BEGIN

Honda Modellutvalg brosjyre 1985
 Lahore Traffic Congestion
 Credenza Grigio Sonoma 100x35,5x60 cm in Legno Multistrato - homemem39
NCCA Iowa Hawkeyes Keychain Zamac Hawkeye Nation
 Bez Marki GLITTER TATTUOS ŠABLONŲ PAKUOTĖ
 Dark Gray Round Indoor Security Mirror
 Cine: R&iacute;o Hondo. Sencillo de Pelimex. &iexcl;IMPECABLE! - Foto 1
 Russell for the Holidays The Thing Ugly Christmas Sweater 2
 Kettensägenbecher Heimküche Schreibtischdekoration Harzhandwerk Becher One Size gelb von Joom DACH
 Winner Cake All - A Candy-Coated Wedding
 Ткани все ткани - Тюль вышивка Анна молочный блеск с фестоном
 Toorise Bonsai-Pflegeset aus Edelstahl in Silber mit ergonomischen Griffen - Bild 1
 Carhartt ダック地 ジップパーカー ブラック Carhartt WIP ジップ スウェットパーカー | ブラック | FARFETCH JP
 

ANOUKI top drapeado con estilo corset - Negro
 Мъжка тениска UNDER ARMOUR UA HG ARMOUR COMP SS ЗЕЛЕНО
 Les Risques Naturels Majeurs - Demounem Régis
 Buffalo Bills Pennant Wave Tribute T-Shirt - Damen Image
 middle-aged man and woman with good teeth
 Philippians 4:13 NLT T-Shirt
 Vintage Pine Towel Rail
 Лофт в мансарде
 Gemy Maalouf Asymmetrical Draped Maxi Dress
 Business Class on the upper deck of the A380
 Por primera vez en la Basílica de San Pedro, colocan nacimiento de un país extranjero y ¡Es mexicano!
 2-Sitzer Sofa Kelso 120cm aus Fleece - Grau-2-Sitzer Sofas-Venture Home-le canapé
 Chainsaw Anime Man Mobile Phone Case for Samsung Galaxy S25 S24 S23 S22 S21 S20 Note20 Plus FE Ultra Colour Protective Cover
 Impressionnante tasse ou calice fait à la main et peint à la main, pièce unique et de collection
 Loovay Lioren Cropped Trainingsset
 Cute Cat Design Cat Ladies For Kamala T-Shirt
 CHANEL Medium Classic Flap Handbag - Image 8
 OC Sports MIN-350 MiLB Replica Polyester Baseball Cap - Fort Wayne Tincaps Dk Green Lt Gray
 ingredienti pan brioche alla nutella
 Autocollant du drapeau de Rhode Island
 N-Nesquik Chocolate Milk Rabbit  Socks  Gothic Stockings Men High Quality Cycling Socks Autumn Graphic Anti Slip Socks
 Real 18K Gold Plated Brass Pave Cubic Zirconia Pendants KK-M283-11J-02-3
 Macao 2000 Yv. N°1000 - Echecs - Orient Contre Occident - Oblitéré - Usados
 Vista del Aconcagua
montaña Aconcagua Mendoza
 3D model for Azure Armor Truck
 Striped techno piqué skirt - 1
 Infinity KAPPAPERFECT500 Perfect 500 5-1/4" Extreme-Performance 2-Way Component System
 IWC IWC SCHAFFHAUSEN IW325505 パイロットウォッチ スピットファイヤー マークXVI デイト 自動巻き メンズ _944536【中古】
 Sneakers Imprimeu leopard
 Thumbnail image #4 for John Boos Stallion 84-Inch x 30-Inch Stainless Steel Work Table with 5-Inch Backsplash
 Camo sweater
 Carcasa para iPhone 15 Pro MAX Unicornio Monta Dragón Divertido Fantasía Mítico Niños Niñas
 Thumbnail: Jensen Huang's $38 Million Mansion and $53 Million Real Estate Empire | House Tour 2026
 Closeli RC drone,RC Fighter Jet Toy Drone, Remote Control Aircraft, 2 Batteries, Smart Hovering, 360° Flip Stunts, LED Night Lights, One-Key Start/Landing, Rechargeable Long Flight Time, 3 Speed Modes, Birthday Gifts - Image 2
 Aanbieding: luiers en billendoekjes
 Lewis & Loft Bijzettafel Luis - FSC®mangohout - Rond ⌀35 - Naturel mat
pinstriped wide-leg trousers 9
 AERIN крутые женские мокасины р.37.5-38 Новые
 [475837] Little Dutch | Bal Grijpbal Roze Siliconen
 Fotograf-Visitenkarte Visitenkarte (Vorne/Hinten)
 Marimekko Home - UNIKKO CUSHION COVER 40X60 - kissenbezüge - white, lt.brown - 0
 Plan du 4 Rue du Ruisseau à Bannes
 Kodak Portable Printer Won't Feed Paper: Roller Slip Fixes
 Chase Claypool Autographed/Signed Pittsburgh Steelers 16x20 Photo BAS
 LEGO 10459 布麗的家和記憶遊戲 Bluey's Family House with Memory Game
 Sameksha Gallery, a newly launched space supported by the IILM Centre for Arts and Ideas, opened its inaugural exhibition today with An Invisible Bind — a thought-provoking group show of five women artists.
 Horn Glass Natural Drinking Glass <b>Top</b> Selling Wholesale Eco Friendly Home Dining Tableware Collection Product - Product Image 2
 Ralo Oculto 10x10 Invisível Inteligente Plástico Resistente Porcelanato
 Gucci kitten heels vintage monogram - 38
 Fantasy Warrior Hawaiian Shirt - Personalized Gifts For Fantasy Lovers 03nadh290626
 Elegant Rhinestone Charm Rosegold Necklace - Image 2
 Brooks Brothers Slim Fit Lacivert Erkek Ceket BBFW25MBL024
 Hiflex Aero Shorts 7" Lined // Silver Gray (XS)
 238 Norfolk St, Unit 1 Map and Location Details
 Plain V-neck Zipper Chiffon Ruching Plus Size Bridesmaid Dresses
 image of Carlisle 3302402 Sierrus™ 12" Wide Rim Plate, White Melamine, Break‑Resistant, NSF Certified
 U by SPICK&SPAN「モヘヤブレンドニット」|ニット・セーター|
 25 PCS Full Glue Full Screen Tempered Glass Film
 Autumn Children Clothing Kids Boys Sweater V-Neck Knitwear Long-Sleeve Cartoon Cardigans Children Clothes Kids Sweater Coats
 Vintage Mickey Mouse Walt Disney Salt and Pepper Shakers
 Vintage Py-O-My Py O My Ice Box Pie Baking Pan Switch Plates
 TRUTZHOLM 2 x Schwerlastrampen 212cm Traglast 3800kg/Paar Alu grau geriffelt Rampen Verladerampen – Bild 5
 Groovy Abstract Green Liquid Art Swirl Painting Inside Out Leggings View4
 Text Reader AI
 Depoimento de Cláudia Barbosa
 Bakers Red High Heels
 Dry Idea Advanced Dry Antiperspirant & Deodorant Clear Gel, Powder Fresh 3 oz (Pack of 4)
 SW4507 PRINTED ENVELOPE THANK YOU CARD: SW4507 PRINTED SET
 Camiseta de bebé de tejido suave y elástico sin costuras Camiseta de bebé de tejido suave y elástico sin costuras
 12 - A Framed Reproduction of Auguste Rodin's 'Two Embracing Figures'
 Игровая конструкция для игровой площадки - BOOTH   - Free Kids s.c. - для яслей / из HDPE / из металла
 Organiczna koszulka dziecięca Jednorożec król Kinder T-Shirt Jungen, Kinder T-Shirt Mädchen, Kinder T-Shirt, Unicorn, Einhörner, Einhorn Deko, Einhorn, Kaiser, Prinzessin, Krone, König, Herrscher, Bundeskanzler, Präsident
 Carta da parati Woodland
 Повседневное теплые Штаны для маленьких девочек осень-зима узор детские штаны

END

● REQUIRED ACTION: Scan the material above for the word "Aconcagua". Copy each line where it occurs.

● REPLY:
 Vista del Aconcagua
montaña Aconcagua Mendoza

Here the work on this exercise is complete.